======== Data shown

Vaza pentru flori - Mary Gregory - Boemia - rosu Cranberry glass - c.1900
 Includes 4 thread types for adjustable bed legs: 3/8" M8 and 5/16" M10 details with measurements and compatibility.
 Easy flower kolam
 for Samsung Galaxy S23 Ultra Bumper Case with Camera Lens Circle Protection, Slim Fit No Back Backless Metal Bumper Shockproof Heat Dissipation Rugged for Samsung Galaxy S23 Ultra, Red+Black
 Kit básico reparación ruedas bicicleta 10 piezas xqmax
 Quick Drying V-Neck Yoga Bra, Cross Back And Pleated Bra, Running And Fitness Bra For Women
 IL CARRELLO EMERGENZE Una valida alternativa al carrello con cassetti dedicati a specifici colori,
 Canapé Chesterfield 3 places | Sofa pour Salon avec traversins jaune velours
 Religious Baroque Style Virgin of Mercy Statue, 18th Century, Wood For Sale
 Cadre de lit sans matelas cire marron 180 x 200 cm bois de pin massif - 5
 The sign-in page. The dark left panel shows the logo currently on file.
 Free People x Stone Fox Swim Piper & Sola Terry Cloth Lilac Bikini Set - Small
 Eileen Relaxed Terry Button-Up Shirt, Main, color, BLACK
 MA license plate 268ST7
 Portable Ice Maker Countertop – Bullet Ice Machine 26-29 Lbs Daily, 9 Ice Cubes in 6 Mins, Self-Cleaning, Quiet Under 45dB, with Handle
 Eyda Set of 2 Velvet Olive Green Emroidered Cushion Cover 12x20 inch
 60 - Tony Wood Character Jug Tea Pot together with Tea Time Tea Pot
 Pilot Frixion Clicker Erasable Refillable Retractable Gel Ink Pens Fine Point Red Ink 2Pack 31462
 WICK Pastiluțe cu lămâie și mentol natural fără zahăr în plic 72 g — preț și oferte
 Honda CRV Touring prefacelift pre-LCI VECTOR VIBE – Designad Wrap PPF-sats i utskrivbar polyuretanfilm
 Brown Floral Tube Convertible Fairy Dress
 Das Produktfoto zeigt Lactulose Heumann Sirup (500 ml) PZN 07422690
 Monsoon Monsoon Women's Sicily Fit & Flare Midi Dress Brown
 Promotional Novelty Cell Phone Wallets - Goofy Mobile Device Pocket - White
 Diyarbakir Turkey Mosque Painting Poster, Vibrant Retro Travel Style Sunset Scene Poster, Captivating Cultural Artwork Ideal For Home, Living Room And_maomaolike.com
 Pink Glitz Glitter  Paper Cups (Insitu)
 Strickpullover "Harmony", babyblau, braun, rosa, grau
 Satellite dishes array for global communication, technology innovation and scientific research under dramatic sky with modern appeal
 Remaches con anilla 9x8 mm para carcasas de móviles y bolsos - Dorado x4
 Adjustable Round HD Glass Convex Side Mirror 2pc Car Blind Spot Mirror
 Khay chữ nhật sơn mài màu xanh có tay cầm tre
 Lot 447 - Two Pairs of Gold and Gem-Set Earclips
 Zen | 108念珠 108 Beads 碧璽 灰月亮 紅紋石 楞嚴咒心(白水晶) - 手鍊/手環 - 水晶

================

» **Assignment**
Output, please, only the lines running from the start of the entries through the line that contains "for Samsung Galaxy S23 Ultra Bumper", including both of those lines.

» **Task result**
Vaza pentru flori - Mary Gregory - Boemia - rosu Cranberry glass - c.1900
 Includes 4 thread types for adjustable bed legs: 3/8" M8 and 5/16" M10 details with measurements and compatibility.
 Easy flower kolam
 for Samsung Galaxy S23 Ultra Bumper Case with Camera Lens Circle Protection, Slim Fit No Back Backless Metal Bumper Shockproof Heat Dissipation Rugged for Samsung Galaxy S23 Ultra, Red+Black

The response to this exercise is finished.